I spent the summer in an old farmhouse ten miles north of the nearest wide place in the road, ten miles south of a town of enough size to have a real grocery store, and twenty-five miles from work at the legal services office on the Crow Creek Reservation in Fort Thompson.
For foolish reasons probably related to intellectual pretensions, I only took two books with me: Sartre’s Being and Nothingness and Joyce’s Ulysses.
It probably goes without saying that I didn’t manage to finish either one.
I remain profoundly grateful that the grocery store in Highmore included several novels by Kurt Vonnegut among the mass market paperbacks featured on its racks. I’m not sure how Vonnegut ended up with that sort of distribution, but I read several of his novels that summer.

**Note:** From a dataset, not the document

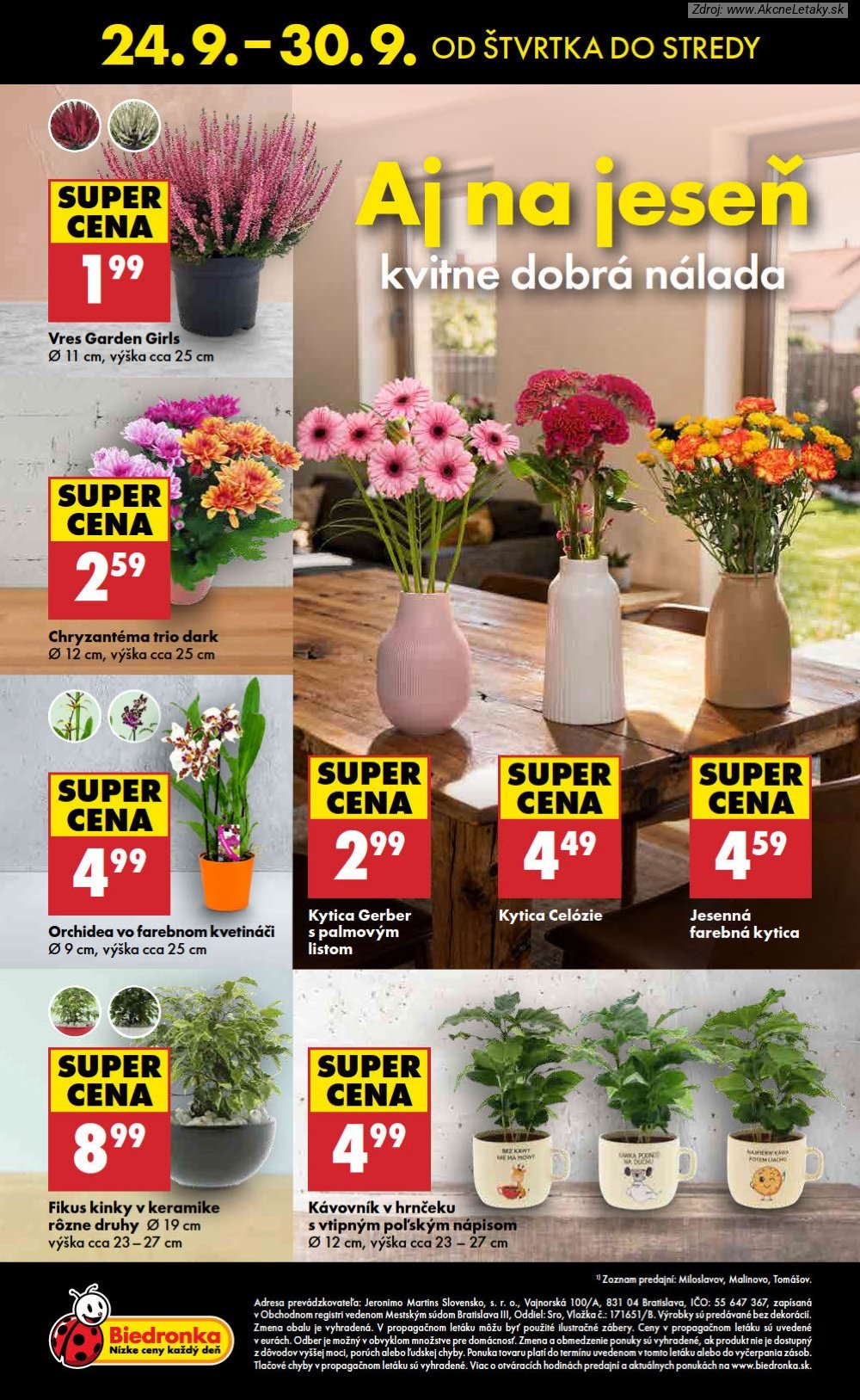 Leták Biedronka (24. 9. - 30. 9. 2026) - strana 48 z 48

I also lacked a television — which I didn’t miss — and the only radio was in my car. For the first month or so, I lived alone.
Looking back, I really wish I had taken a large pile of books with me. I’m not sure any town (none of them, not even the state capital Pierre, came close to being a city) I went to over the summer had a bookstore.
The closest movie theater was fifty miles away. If there was a night club anywhere, I never saw it.
I’m not sure how I got by without a newspaper. Probably we got one at the office. And fortunately, at the end of the summer when the most important US news happened — Nixon’s resignation — I had a roommate and TV.
I mean, I wouldn’t have wanted to miss Nixon’s resignation.
But the real point of this story is that even when you don’t have anything to read or watch or anyplace to go, you will still not read that important book that you don’t really want to read.